Using the Lund bladder cancer datasets with mRNA expression data from muscle-invasive bladder cancer samples and immunohistochemistry, the authors developed a panel of 24 immunohistochemical features that could be used to identify five tumor subtypes of muscle-invasive bladder cancer: genomically unstable, urothelial-like, basal/squamous cell carcinoma-like, mesenchymal-like, and small-cell neuroendocrine-like. Luminal (urothelial-like and genomically unstable) tumors exhibited high expression of GATA3, EPCAM, and FOXA1, while basal tumors showed increased expression of KRT5 and KRT14. The authors then simplified the classifier by focusing on the core protein markers KRT14, KRT5, CDH3, FOXA1, GATA3, PPARG, RB1, CCND1, CDKN2A (p16), FGFR3, and TP63. Finally, they investigated the ability of their classifier to distinguish basal versus luminal tumors using only GATA3 and KRT5 and reported a subtyping accuracy of 91%. Upon adding p16 to the classification model, the accuracy was 78% for urothelial-like, genomically unstable, and basal subtypes and 91% for luminal versus basal subtypes. An alternate model using expression of KRT14 followed by RB1 exhibited a higher accuracy of up to 86% for distinguishing between basal, urothelial-like, and genomically unstable subtypes.
To test whether evaluating the expression of a fuller set of protein markers would increase the model's accuracy, a model based on eight proteins was used and achieved an accuracy of approximately 82% on the validation set. This indicates that additional protein markers do not necessarily lead to higher subtyping accuracy. There was no significant correlation with overall survival based on subtyping.
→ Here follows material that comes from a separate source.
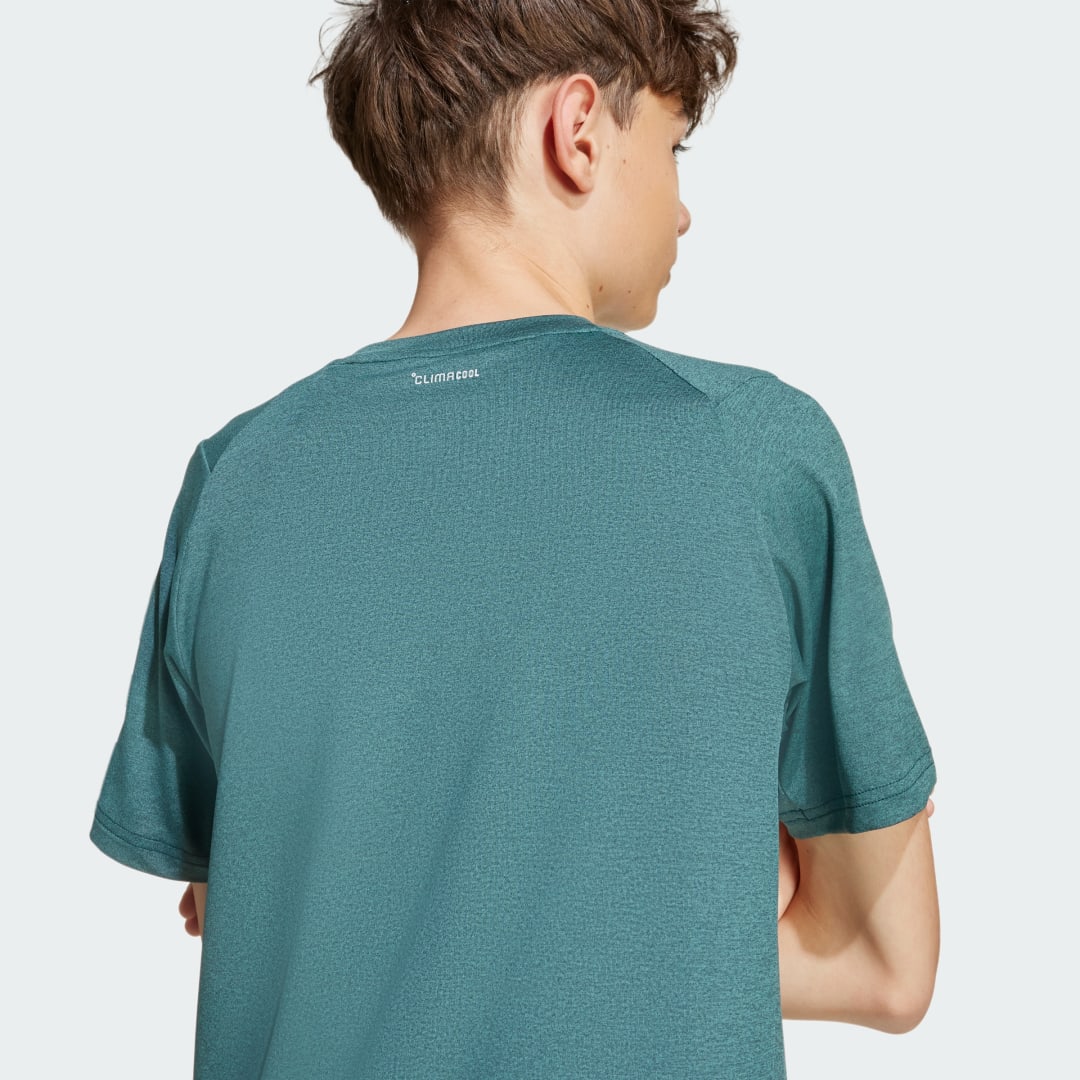 Adidas All Sports Favorite T-shirt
Hardy et al. prioritized markers that showed distinct patterns of expression that the screening pathologists could efficiently utilize. GATA3, KRT14, KRT5, and RB1 performed well in this regard as they exhibited bimodal expression patterns with a clear distinction between basal versus luminal subtypes in contrast to p16 and CCND1, which showed variability across subtypes and intermediate staining.
Hardy et al.'s findings are valuable for establishing parsimonious protein-based assays that can eliminate redundancy and enhance ease and practicality in the clinical setting. Establishing a model that identifies genomically unstable subtypes is important as subtyping typically only distinguishes between luminal versus basal subtypes. Further prospective studies validating these models on a large number and wide range of samples will be needed to consolidate these findings.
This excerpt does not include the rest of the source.